The Decolonial Intellectual
More from Shih. I must say, this short essay of hers has been pretty inspiring as I go about working on the chapter-that-will-not-behave. Perhaps there is a reason for that.
Knowing the embeddedness of [...] disciplines [such as literature, philosophy, psychoanalysis, and anthropology] in colonial ideology, the decolonial, postcolonial, or minority intellectual has two choices. One is to express endless anxiety over the racialization of thought through an infinite critique of the derivative nature of disciplines and their theories. For a time, several postcolonial scholars made this choice, and some of the most significant conceptual breakthroughs in postcolonial theory were arguably in this vein. Anthropology as the colonial discipline par excellence has for the past decades led a soul-searching critique of itself, with mixed results (Said, "Representing the Colonized"). Fanon would have called these "reactional" rather than "actional" measures (Black Skin [trans. Markmann]

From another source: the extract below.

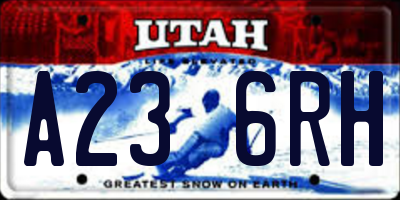 UT license plate A236RH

222). The other choice is Fanon's: he appropriates and synthesizes disciplines, especially psychoanalysis, with great confidence and poise, as DuBois did with sociology. When scholars are so busy learning the disciplines that they have no time left to unlearn them, the confident use, revision, and extension of psychoanalysis by Fanon and sociology by DuBois offer inspiring lessons on how to race these disciplines and make them take race seriously.